OK, thanks for the clarifications. I'm not exactly sure what to do. This field currently does full string matching in Balrog, because we need to be able to match plain "SSE". Using a substring match obviously causes us to match any SSE level, and will break the SSE deprecation rules that we have in place.

Doing a full string match looks like it would have 28 unique values (7 microcode versions * 4 unique SSE values), which is well past what we can put in one Rule. I can't think of a way to implement this without it being extremely unwieldy.

The current model in Balrog only allows us to AND things that are in separate fields, so if these all got their own section in the update URL, this would be quite easy. I admit that's a pretty unpalatable solution though. In the medium/long term we might be able to do a little better if a field like this had a well defined format, but that's not something that's going to help us now.

Stepping back for a minute - how many crashes are we talking about? I don't want to be stop energy, but the new watersheds and websense Rules have already put us in a place where it's very difficult to reason about and correctly modify Rules. I don't think it's a good trade-off to add even more complexity if we're talking about handful of users. As we increase Rule complexity, it makes it harder for us to make quick changes (eg: when there's a chemspill or a startup crash or whatnot), and increases the risk that we mess them up when we do.
Ben, would putting this info in its own field help?
Flags: needinfo?(bhearsum)

Comment 34

3 years ago
(In reply to Ben Hearsum (:bhearsum) from comment #32)
> Stepping back for a minute - how many crashes are we talking about? 

in badly affected beta builds bug 1296630 can account for >10% of all browser crashes.

maybe not to increase complexity with balrog rules too much, could the logic (intel+family/model+microcode) be implemented client-side and only submit a simple indicator like "(bug1296630)" to the update server if all conditions are met?
(In reply to [:philipp] from comment #34)
> (In reply to Ben Hearsum (:bhearsum) from comment #32)
> > Stepping back for a minute - how many crashes are we talking about? 
> 
> in badly affected beta builds bug 1296630 can account for >10% of all
> browser crashes.
> 
> maybe not to increase complexity with balrog rules too much, could the logic
> (intel+family/model+microcode) be implemented client-side and only submit a
> simple indicator like "(bug1296630)" to the update server if all conditions
> are met?
I'm ok with this with the understanding that if more or less conditions are desired that we won't be able to do anything since the check will be in product and that pushing out system add-ons to change the behavior isn't a viable option since they appear to only reach about 55% of systems - bug 1307568
(In reply to Robert Strong [:rstrong] (use needinfo to contact me) from comment #33)
> Ben, would putting this info in its own field help?

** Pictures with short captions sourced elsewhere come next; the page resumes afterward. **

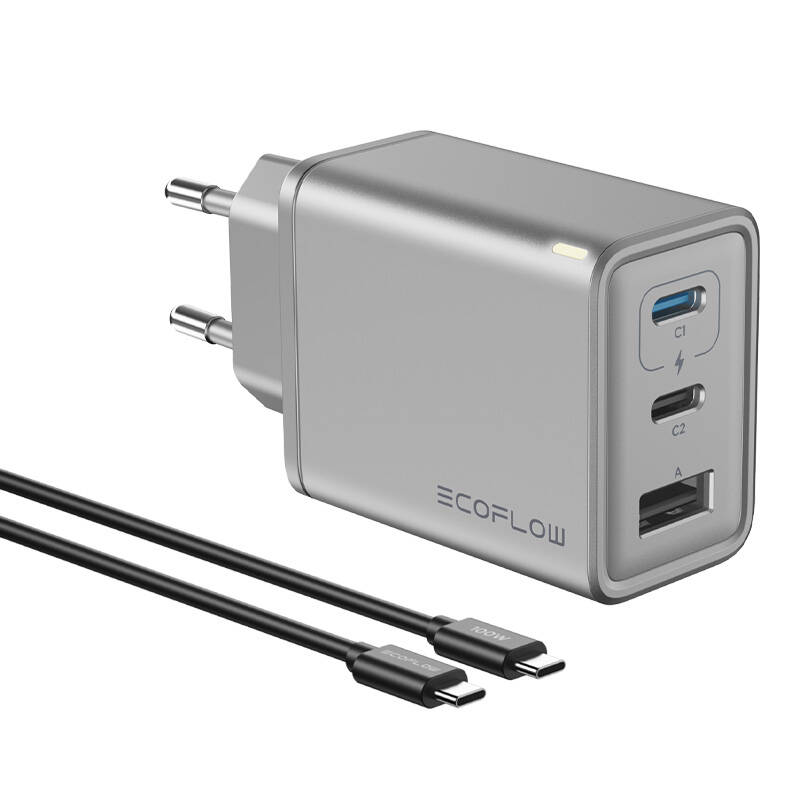 EcoFlow RAPID 65W GaN Laturi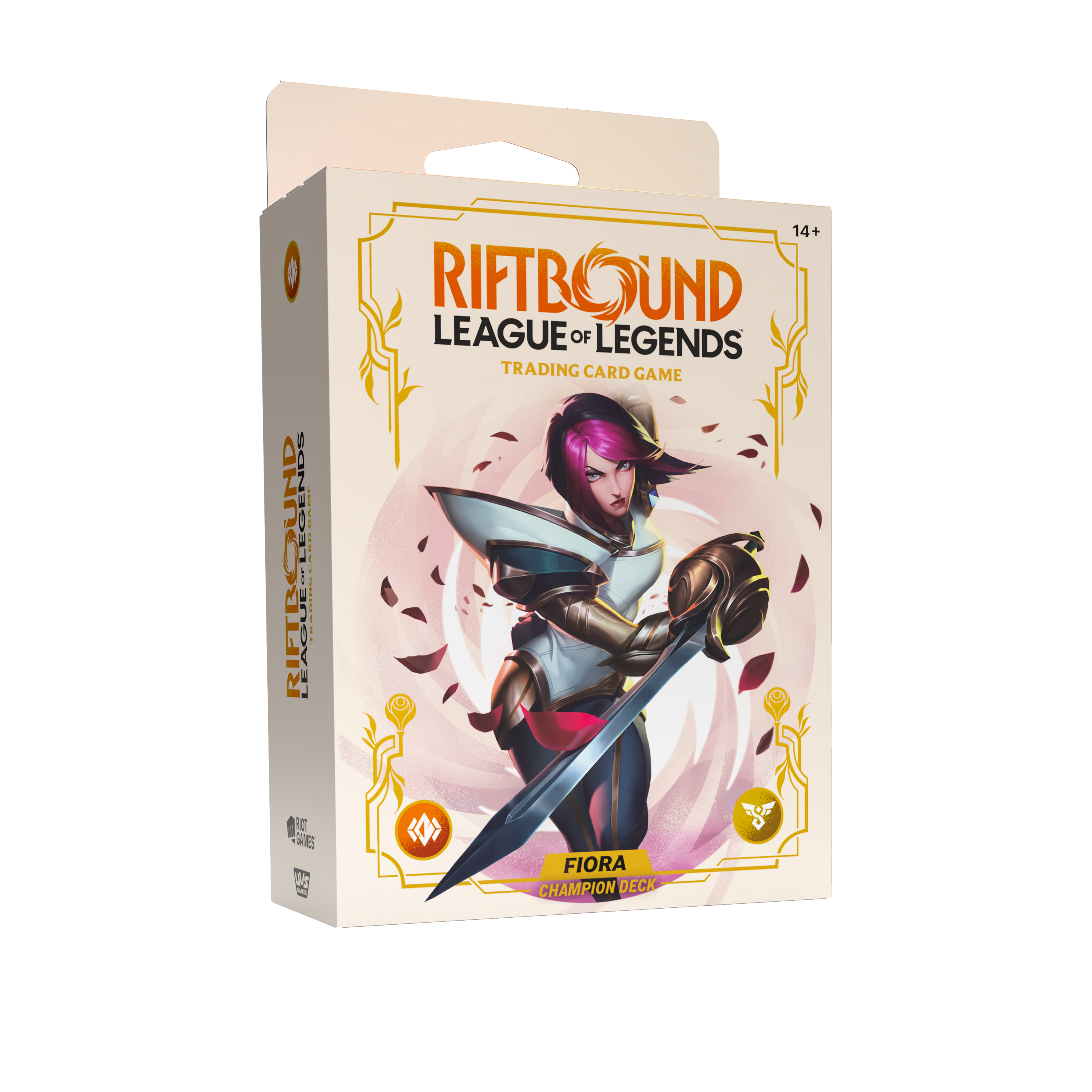 Riftbound: League of Legends TCG Spiritforged Champion Deck - Fiora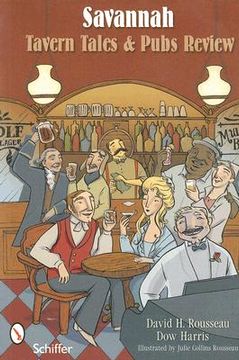 portada savannah tavern tales and pubs review (en Inglés)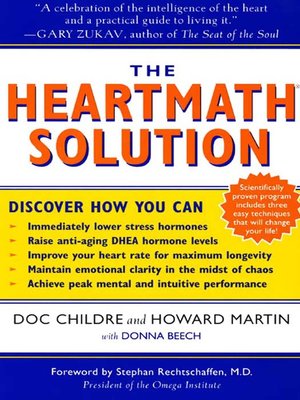cover image of The HeartMath Solution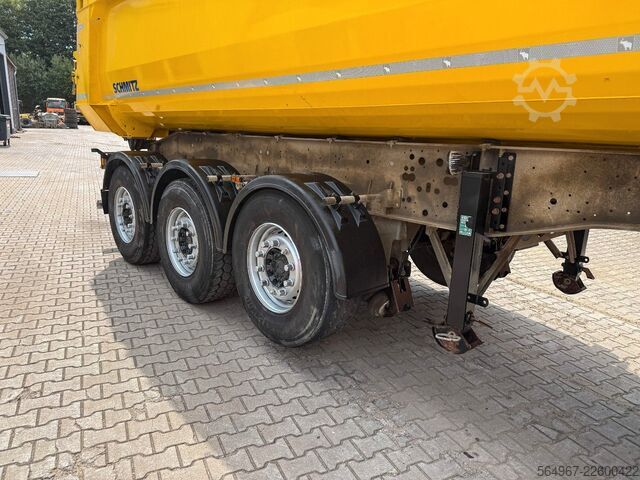 Đầu kéo tiêu chuẩn MAN TGX 18.480 SZM Schmitz Kippauflieger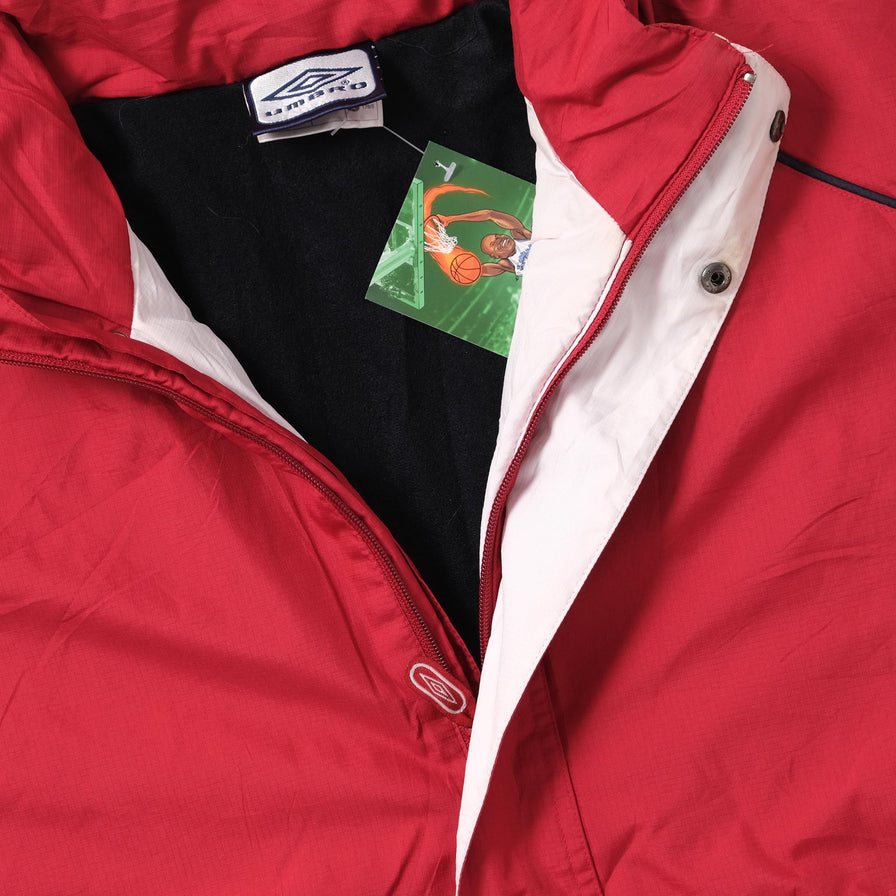 Vintage Umbro Anorak Small 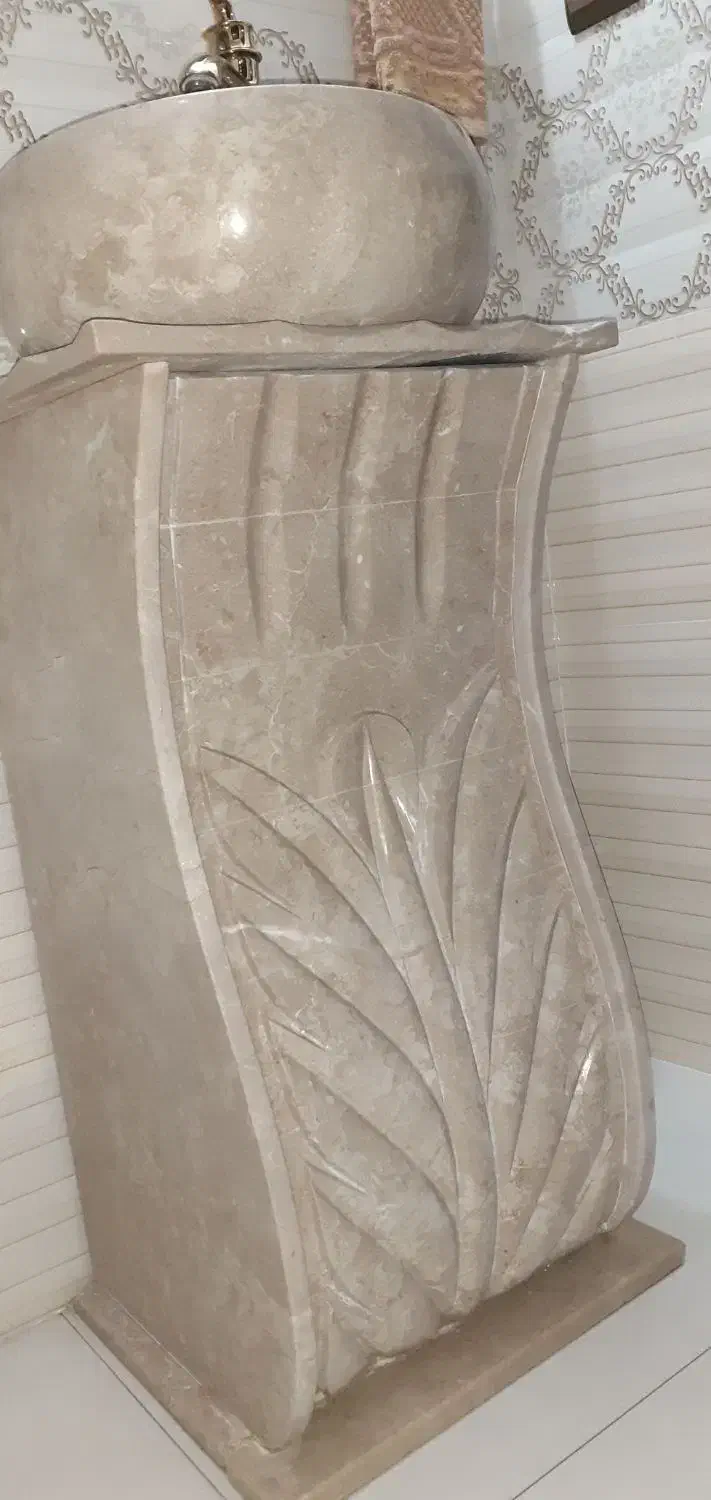 روشویی سنگی|لوازم سرویس بهداشتی|قرچک, باقرآباد|دیوار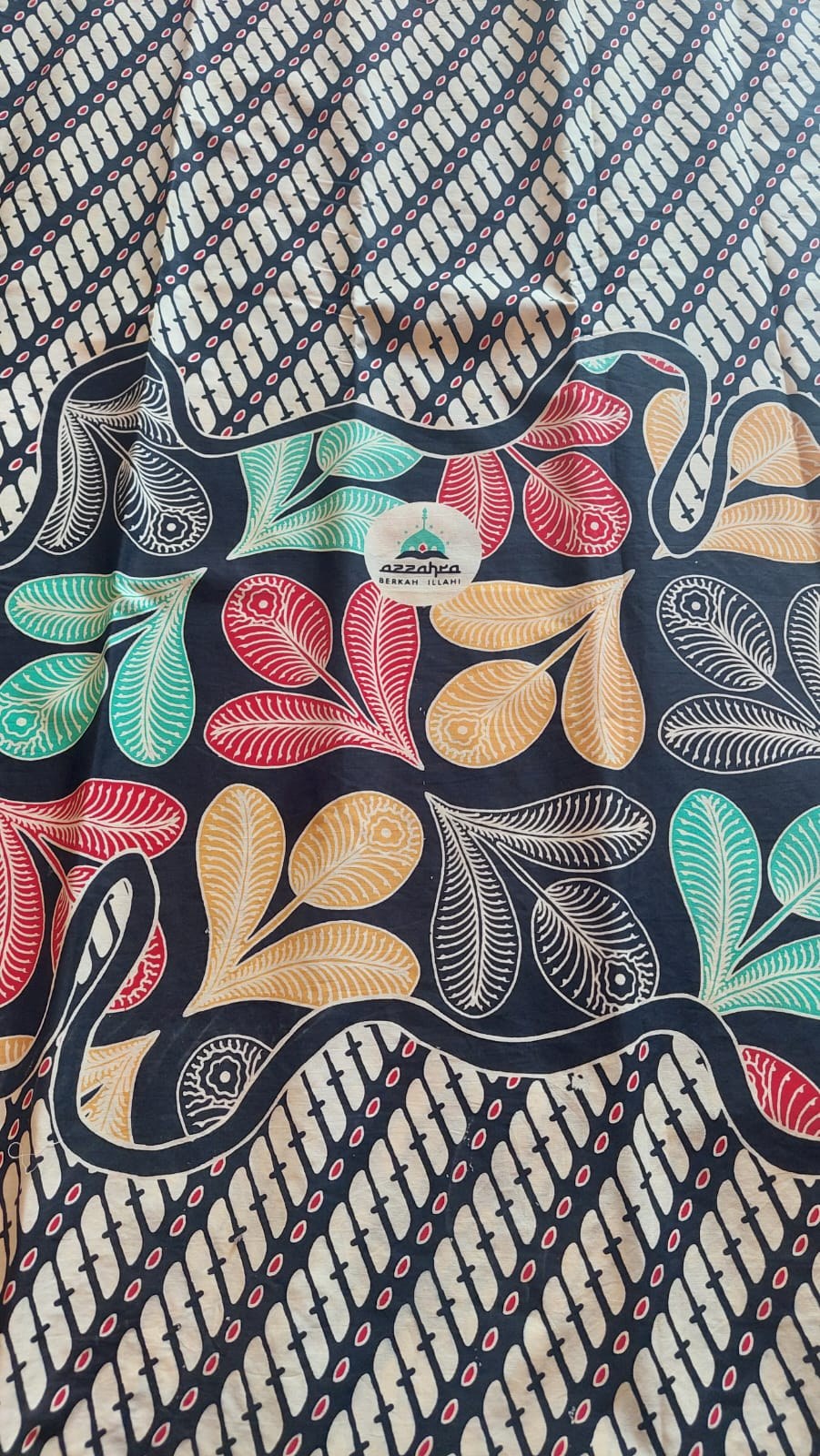 Detail kain batik custom Batik Legawa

We'd have to put each section in its own field, unfortunately. So, 3 new fields.

(In reply to Robert Strong [:rstrong] (use needinfo to contact me) from comment #35)
> (In reply to [:philipp] from comment #34)
> > (In reply to Ben Hearsum (:bhearsum) from comment #32)
> > > Stepping back for a minute - how many crashes are we talking about? 
> > 
> > in badly affected beta builds bug 1296630 can account for >10% of all
> > browser crashes.
> > 
> > maybe not to increase complexity with balrog rules too much, could the logic
> > (intel+family/model+microcode) be implemented client-side and only submit a
> > simple indicator like "(bug1296630)" to the update server if all conditions
> > are met?
> I'm ok with this with the understanding that if more or less conditions are
> desired that we won't be able to do anything since the check will be in
> product and that pushing out system add-ons to change the behavior isn't a
> viable option since they appear to only reach about 55% of systems - bug
> 1307568

This would work with the current version of Balrog. It's not great, but for my POV it's the best trade-off until we have something for robust on the server. I filed bug 1312499 for the specific case of multi-part matching in one field.
Flags: needinfo?(bhearsum)
(In reply to Robert Strong [:rstrong] (use needinfo to contact me) from comment #14)
> Since this will be in product I would prefer it if this just sent the entire
> value from the registry just in case it becomes useful. Here is an example
> value from my system without commas separators.
> 
> 000000001e000000

Is the question whether we should update bug 1305120 patch to show both numbers, instead of just the higher bits?  I don't really mind either way.  It sounded from the original description that those "will never be used", but we know how that can change.
Flags: needinfo?(milan)
Sorry, I should have removed the needinfo as the comments evolved. It seems that the complexity of this for balrog may be too much and the current state is as follows.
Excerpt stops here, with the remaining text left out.